**Your goal**
From the line containing "Silk Assets Floral" onward, every line of the entries is to be set down exactly, the last line included.

Stored data
____________

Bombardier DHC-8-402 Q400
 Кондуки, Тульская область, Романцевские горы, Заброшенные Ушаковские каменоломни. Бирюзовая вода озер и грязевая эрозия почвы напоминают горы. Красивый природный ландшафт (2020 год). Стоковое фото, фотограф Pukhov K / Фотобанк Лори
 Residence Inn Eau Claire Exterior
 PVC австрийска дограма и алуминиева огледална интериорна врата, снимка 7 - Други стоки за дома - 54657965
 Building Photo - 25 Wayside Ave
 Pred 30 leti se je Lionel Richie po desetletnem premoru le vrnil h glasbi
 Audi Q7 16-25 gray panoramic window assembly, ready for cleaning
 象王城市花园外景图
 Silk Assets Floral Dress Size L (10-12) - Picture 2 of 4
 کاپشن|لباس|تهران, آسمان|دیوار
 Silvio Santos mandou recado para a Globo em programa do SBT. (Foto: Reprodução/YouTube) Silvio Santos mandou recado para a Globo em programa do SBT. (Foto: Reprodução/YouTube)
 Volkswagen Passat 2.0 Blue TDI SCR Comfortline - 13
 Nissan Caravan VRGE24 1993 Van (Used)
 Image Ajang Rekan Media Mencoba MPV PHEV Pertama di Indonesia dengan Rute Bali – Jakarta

____________

**Response to this task**
 Silk Assets Floral Dress Size L (10-12) - Picture 2 of 4
 کاپشن|لباس|تهران, آسمان|دیوار
 Silvio Santos mandou recado para a Globo em programa do SBT. (Foto: Reprodução/YouTube) Silvio Santos mandou recado para a Globo em programa do SBT. (Foto: Reprodução/YouTube)
 Volkswagen Passat 2.0 Blue TDI SCR Comfortline - 13
 Nissan Caravan VRGE24 1993 Van (Used)
 Image Ajang Rekan Media Mencoba MPV PHEV Pertama di Indonesia dengan Rute Bali – Jakarta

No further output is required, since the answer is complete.